**YOUR GOAL:**
Reproduce, exactly, the lines of the material below from the line containing "203 Suffolk E, Boca" through the line containing "LINNCREST - Residential", with both end lines included and nothing else.

**ENTRIES SUPPLIED:**
★ ★ ★

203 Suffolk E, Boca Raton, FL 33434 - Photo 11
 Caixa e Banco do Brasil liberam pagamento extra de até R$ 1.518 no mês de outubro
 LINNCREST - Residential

★ ★ ★

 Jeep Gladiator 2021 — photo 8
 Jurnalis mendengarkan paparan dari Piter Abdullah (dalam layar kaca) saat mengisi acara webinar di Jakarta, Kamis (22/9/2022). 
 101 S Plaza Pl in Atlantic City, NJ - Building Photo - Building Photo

★ ★ ★

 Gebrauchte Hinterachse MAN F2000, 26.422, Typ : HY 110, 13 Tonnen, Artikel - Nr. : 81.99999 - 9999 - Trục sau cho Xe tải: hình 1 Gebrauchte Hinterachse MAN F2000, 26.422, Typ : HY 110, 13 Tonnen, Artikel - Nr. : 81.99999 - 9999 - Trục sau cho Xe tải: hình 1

★ ★ ★

**ANSWER FOR THIS EXERCISE:**
203 Suffolk E, Boca Raton, FL 33434 - Photo 11
 Caixa e Banco do Brasil liberam pagamento extra de até R$ 1.518 no mês de outubro
 LINNCREST - Residential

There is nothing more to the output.